Gov. Mike Dunleavy’s quest to balance the state budget reached its first milestone. On Aug. 19, Dunleavy achieved what very few thought was possible – almost $680 million in hard cuts in finalizing Alaska’s FY 2020 budget.
While this was unprecedented, it only constituted the first step in the primary goal he advocated during his gubernatorial campaign – a sustainable budget.
After all the legislative special sessions, public hearings and political fights in 2019, it’s hard to imagine going through a contentious budget battle again next year.
However, it appears that we will. Yet, judging from much of the reaction around the state, not many believe it.
Alaskans’ debate on the size of the Permanent Fund Dividend has dominated the discussion in the hope that it could, by itself, resolve all of Alaska’s budget issues.
In some ways, though, it was a diversion. Even with the currently reduced Permanent Fund Dividend of approximately $1,600, Alaska must deal with a $730 million budget deficit next year.
Granted, final decisions on the current cuts and PFD amount were not determined until recently.
But hoping to forestall the inevitable by mounting a recall effort — or thinking that ratcheting up taxes on the oil industry will save us — is wishful thinking.
Suffering from denial, many school districts and municipalities have been reluctant to take the necessary measures to prepare for the continuing pressure on their budgets.
The mistake some local governmental entities will make is to assume that Alaskans will accept higher property taxes, sales taxes or debt before considering further cuts or less onerous revenue measures.
Let’s face it, we Alaskans have been living beyond our means for many years and our local governments, school districts and, to a degree, even some nonprofits have escaped serious scrutiny of their overhead, adherence to mission and efficiencies.
As a local taxpayer, wouldn’t you want to make sure unnecessary or wasteful operations or practices were identified, curtailed or eliminated before you agreed to a hike in taxes? Or will you just assume that local programs and services are all operating at peak efficiency?
Before committing to new projects or services, wouldn’t you want to know that funding will be prioritized to meet basic needs of public safety and health and required standards of maintenance of public facilities?
The discussions surrounding these questions need to happen sooner rather than later.
Education will remain the elephant in the room.
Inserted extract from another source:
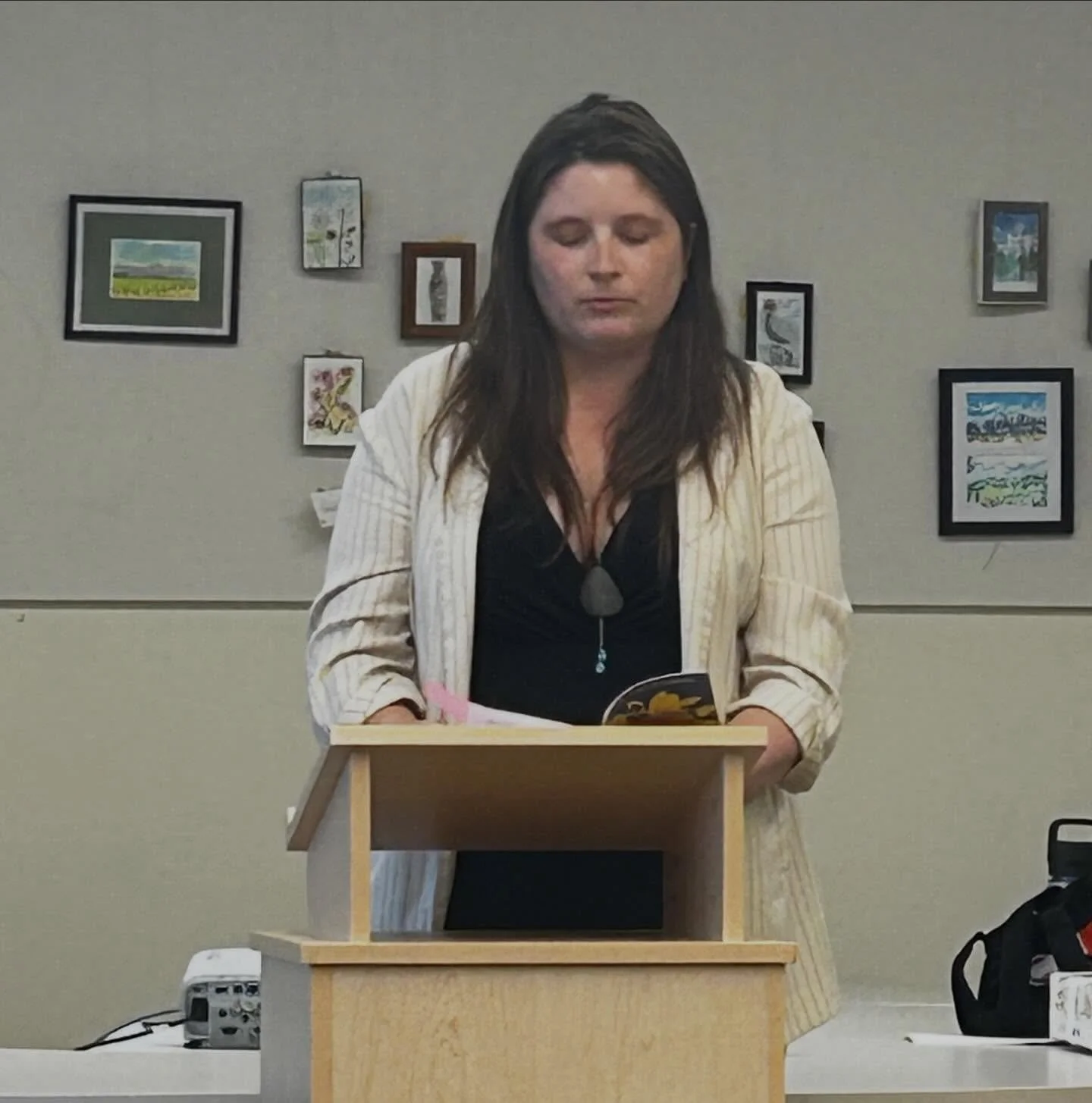 Erika Nichols-Fraser read poems at a wonderful and packed &ldquo;Poems by Heart&rdquo; event at the @waterburypubliclibraryvt tonight to celebrate #NationalPoetryMonth! Erika has a new chapbook of poetry, &ldquo;Can you see her, the moon?&rdquo; Comi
K-12 school construction debt reimbursement was reduced by half this year.
Looking ahead, the other half will be on the chopping block along with possible changes to the base student allocation and the confusing formulas used to calculate state funding for school districts.
Before begging for more money from their local assemblies, will school districts agree to consider all options – including consolidating or closing facilities and cutting back on non-essential programs?
At the University of Alaska, the second phase of their three-year budget reduction plan will kick in next year – further impacting local economies where campuses are located.
The University has no choice but to explore boosting other revenues. Obviously, tuition will need to be reviewed. But before local communities are asked to help support our university system, what other outside sources of income are available?
By all accounts, university alumni fundraising is lagging — as is private support for their athletic programs. Alumni participation rates and average giving are significantly below that of other public universities.
All nonprofits would be wise to take a long, hard look at their operations to verify that their expenses and services are truly directed at their core mission and can be justified in this budget environment.
Grants from the Rasmuson Foundation and other grant providers will be under even greater demand.
The departure from the oil patch of British Petroleum, whose philanthropy has provided millions of dollars in charitable contributions within Alaska each year will strain nonprofit budgets even further.
As individuals, we’ll all need to dig deeper to help maintain needed social services.
Alaskans have been rescued in the past by rising oil prices.
But that won’t happen this time. This time it’s real. Believe it.
• Win Gruening retired as the senior vice president in charge of business banking for Key Bank in 2012. He was born and raised in Juneau and is active in community affairs as a 30-plus year member of Juneau Downtown Rotary Club and has been involved in various local and statewide organizations.